I couldn’t help but think of another Lord of the Rings example, when Samwise Gamgee asks Gollum to try his nicely seasoned, cooked food, and he says, “Even you couldn’t say no to that,” and Gollum says, “Oh, yes, we could spoiling nice fish. Give it to us raw and wriggling.”
They simply didn’t care. They would say, “No, give it to us now, and if now I will take it by force.”
Verse 17. “Thus the sin of the young men was very great in the sight of the Lord, for the men treated the offering of the Lord with contempt.”
They didn’t care. They were taking when they should have been serving. And now we start to see the scenes shift. We’ll see this flip-flopping throughout the passage.
“Samuel was ministering before the Lord, a boy clothed with a linen ephod.”
The priests were covered in their fat, and the boy was clothed in a priestly robe.

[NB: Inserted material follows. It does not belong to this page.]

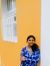 Nivetha...
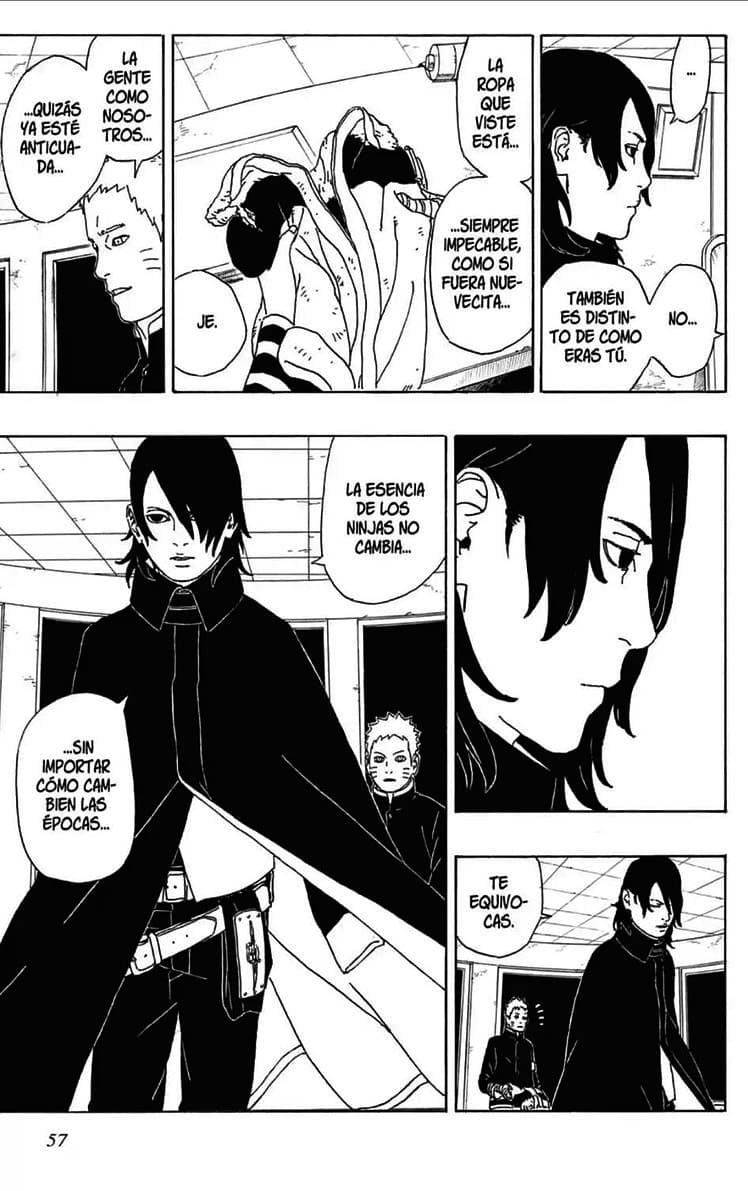 boruto manga 1 54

And here you have the first hint of the priestly role being jerked away, stolen away from Eli’s house, from Aaron’s house, and given to a newcomer, a young boy, that was given as a sacrifice. So the priests were taking and this young boy was given. Eli’s sons were taking, Hannah’s son was given.
“And his mother used to make for him a little robe and take it to him each year when she went up with her husband to offer the yearly sacrifice.”
That’s kind of a beautiful and poignant little scene, a change of scenes once again. We see the mother’s love and care. Have you bought pants for your growing kids and then one week later they’re too short? Well, one year later, I’m sure that Hannah provided a robe that you would sort of throw over your shoulders and tie, it was long enough to cover the knees and maybe the ankles, I don’t know how, well, in Leviticus, I think it goes down to the ankles, and then later on the would be wearing high-waters.
So the next year momma would come and provide him with a new one. You see the mother’s love. I wonder if Samuel ever thought, “This year it’s Legos!” [laughter] And out come the Christmas socks and sweaters again.
Just notice that even as she provides clothes, she is faithfully fulfilling her promise, to give her son. She’s still sacrificing, still steadfastly encouraging her son to know his purpose before the Lord.
“Then Eli would bless Elkanah and his wife, and say, “May the Lord give you children by this woman for the petition she asked of the Lord.” So then they would return to their home.”
As one commentary put it, this is typical, or as we might say, vintage Yahweh. No sacrifice ever seems to impoverish the servants of Yahweh.
Remember what Peter said to Jesus in Mark, chapter 10. He said, “‘See, we have left everything and followed You,’ and Jesus said, ‘Truly, I say to you, there is no one who has left house or brothers or sisters or mother or father or children or lands for My sake and for the Gospel who will not receive a hundredfold.'”
So many lessons we could draw out from this sacrifice that Hannah made.
“Indeed the Lord visited Hannah, and she conceived and bore three sons and two daughters. And the boy Samuel grew in the presence of the Lord.”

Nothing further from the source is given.